Lynn has another red variety in mind that is supposed to be more heat tolerant. 
We hope to feature that soon.

Some of the cukes we planted last week are starting to pop up.

The Brussels sprouts were harvested last week.
Lynn has plans for the leaves.
He cuts off the top portion of the plant, 
wraps it in bacon and cooks it.
He claims it's to die for.
I think I'll take his word for it.

Lynn had obtained these pots from someone on Craig's List
who was downsizing her garden.
He didn't really need the dirt, just the pots.
We got to work clearing out some of the debris.

 The dirt was dumped onto the groundcloth
and these two forks were used to sift through the roots.

The dirt was used for transplanting these Red Caribbean Papaya.
The pots were set aside for another day's use.

Ah, now doesn't that feel better?

This sweet lil' preying mantis was found trying to dive back under the dirt.
These beneficial insects are a boon to the garden.

This glorious specimen is the desert rose.

Lynn decided to pot up the shoots that have
grown at the base of the main plant.

These root easily, so with a little shade and TLC,
they'll be a wonderful addition to someone's garden.
Faye and Lynn sell both produce and ornamentals 
at the Lake Wales Farmer's Market twice a month.

Our next task required a sharp spade.
Lynn has the right tool for the job.
The solid metal spade here on the right is at least 75 years old,
and like most things of this vintage, well made.

It was just the thing to dig up these two loquat trees
that had found a home at the base of a palm.
With a bit of hard work,
they were potted up and watered in well.
One is already promised to someone.
Lynn has another tagged for my garden.

This native Fringe Tree is unlike anything I've ever seen.

The tufts of blooms are not only spectacular to behold,
the fragrance is something akin to a treat from a sweet shoppe.
Lynn thinks it smells like chocolate almond,
my vote was for vanilla.

Since we focus on the luscious vegetables and fruit most of the time,
it was delightful to learn a bit more about
the amazing array of ornamental plants and trees
that share their home here on The Hill.
Faye and Lynn are conscientious stewards of this land.
I can assure you, it's in the best of hands.


Spring Series
Week Four

It was a wild and windy day at 
Farm School 
this weekend.

The time just flew by as we made our rounds
and attended to a few tasks.

The garden is at maximum capacity.
Every available inch is being used
to produce some delectable goodies.

Several of the bell peppers are starting to show some color.
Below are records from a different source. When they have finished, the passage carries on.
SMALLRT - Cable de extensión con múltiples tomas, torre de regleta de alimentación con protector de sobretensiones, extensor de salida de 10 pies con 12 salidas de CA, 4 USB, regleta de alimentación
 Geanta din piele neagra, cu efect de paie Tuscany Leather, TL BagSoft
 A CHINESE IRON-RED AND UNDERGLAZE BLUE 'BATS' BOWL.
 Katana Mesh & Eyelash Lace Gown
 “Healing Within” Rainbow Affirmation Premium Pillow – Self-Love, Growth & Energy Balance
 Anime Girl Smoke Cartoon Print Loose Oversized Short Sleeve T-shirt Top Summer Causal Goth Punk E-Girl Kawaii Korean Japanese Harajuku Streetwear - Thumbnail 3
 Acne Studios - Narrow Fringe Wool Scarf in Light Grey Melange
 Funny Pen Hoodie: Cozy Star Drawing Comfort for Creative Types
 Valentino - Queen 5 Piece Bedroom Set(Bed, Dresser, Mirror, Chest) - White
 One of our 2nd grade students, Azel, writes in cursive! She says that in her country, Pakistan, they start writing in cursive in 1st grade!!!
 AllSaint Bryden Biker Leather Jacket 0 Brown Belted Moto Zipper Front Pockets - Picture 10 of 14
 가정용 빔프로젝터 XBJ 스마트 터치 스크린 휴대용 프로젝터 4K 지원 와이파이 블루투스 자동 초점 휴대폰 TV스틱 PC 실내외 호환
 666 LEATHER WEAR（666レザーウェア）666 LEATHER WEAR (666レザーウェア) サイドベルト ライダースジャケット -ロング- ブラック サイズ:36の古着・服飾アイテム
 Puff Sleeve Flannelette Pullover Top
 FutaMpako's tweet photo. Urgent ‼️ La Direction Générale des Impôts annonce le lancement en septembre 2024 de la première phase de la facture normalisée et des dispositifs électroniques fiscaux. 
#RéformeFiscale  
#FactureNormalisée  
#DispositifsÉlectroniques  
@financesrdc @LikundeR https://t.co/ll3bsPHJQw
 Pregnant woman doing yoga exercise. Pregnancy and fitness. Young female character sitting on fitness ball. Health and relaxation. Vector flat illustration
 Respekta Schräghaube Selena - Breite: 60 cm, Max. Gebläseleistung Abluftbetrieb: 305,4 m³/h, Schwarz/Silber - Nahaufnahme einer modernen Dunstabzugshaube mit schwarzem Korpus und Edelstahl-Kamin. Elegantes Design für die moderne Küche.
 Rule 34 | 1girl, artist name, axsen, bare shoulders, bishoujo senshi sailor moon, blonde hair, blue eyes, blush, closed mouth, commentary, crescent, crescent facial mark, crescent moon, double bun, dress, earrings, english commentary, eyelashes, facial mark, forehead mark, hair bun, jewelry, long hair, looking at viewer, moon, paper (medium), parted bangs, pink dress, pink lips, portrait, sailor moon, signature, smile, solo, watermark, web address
A few rows down, the same variety is having some problems.

The mottled leaves show signs of distress.
Instead of trying to figure out what the problem is,
Lynn will most likely pull them out and replant another crop in the space.

For the first time, black-eyed peas are being grown.
Lynn was thrilled when every single seed germinated.

There are plans for more of this crop to be sown,
as it is tolerant of the summer heat and humidity.

The kohlrabi sold well at the market this weekend.

This is the root system from the pots where they were grown.
It was surprising to see how small it was,
considering the size of the plant.

The New Zealand spinach that was left to grow
is looking healthy and expanding.

  Successive planting keeps customers happy.
When lettuce can no longer be grown
(we're getting close to that time),
this makes a wonderful alternative in a salad.
Along with some of Lynn's Celebrity tomatoes, 
it's a dynamite combination.

Lynn decided to try to continue the lettuce crop,
as most of what he's grown has bolted.
The new crops will be grown in the shade
to give them a better chance at survival.

We transplanted about 20 seedlings.
Lynn has the most delicate touch when removing them from the cell packs.
He simply tilts it, gently pushes from the bottom,
and lets gravity do the rest.

We hope these will make it.
This is the Red Salad Bowl variety, my favorite.
There is another heat tolerant lettuce that is being tried.
We'll feature that variety soon.

We also took down 3 rows of spent sugar snap peas.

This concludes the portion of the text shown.